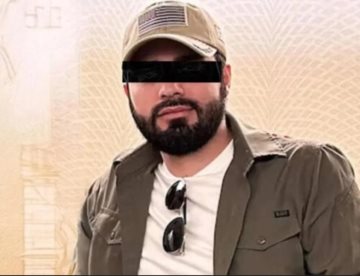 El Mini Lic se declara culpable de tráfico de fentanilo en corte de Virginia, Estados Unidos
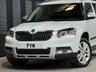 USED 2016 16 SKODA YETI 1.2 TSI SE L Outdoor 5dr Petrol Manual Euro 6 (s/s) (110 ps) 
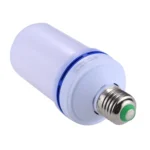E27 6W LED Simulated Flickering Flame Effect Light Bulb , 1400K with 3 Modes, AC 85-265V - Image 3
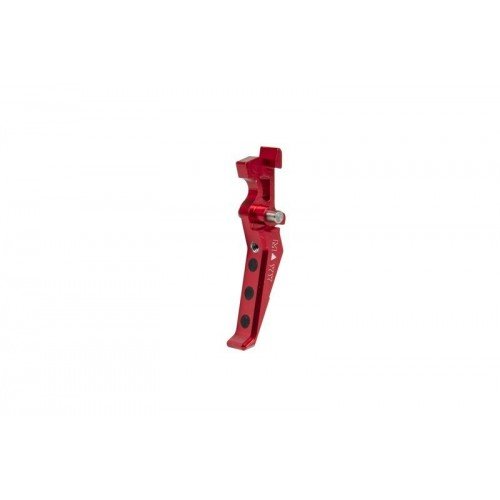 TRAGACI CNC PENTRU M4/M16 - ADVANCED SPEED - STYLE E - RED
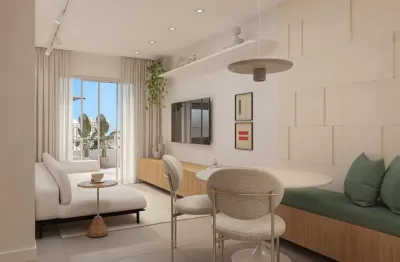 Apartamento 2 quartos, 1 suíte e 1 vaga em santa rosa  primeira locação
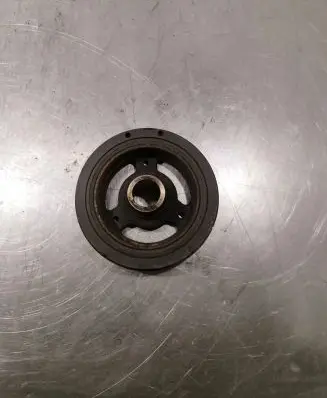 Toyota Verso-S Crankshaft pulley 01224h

■ ■ ■ ■ ■

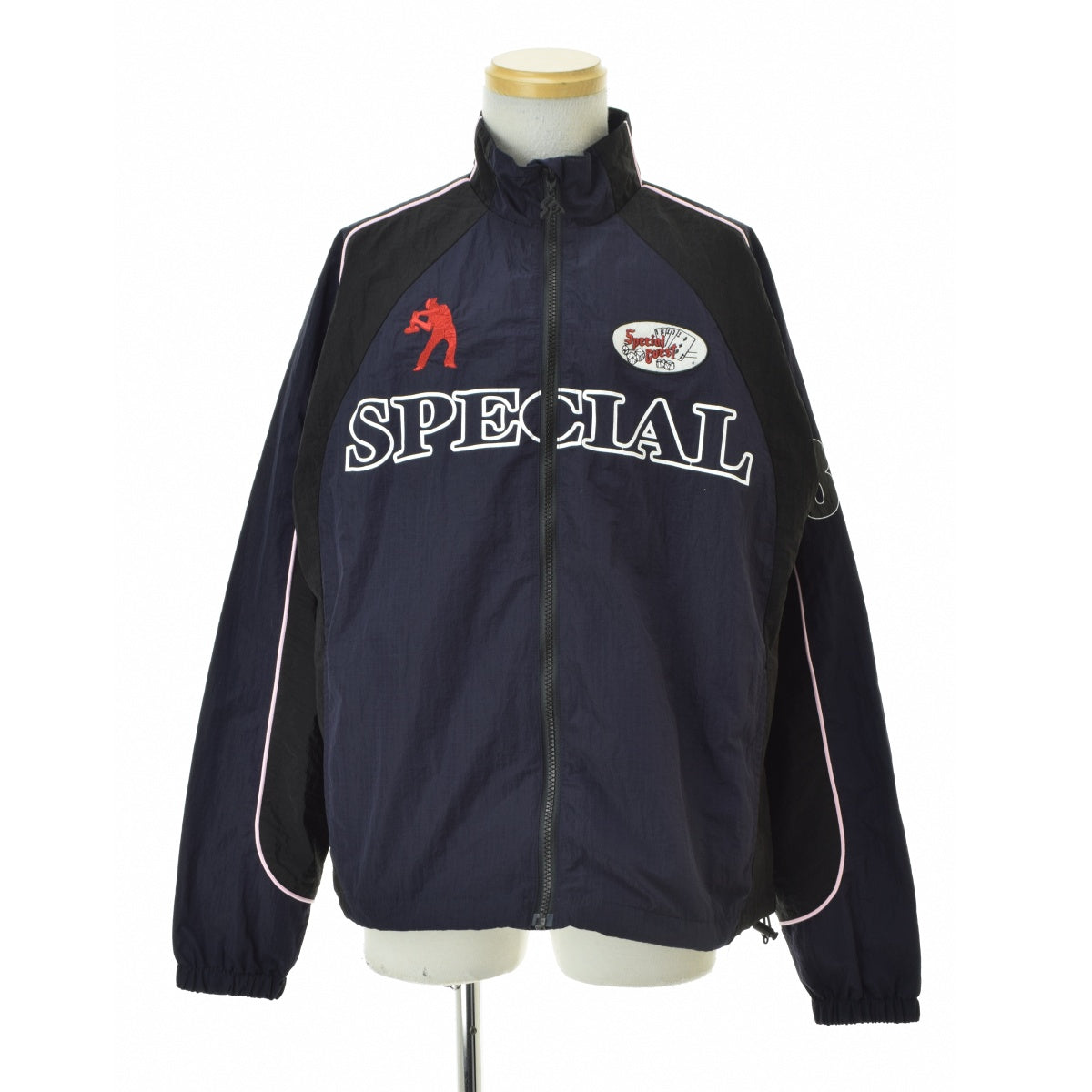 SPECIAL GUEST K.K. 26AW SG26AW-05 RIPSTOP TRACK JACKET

■ ■ ■ ■ ■

Aim of the exercise ▸ Transcribe, from the material above, the stretch starting at the line with "TRAGACI CNC PENTRU" and ending at the line with "Toyota Verso-S Crankshaft pulley 01224h", both included, exactly. Do not carry over pictures.

Output of the task ▸
 TRAGACI CNC PENTRU M4/M16 - ADVANCED SPEED - STYLE E - RED
 Apartamento 2 quartos, 1 suíte e 1 vaga em santa rosa  primeira locação
 Toyota Verso-S Crankshaft pulley 01224h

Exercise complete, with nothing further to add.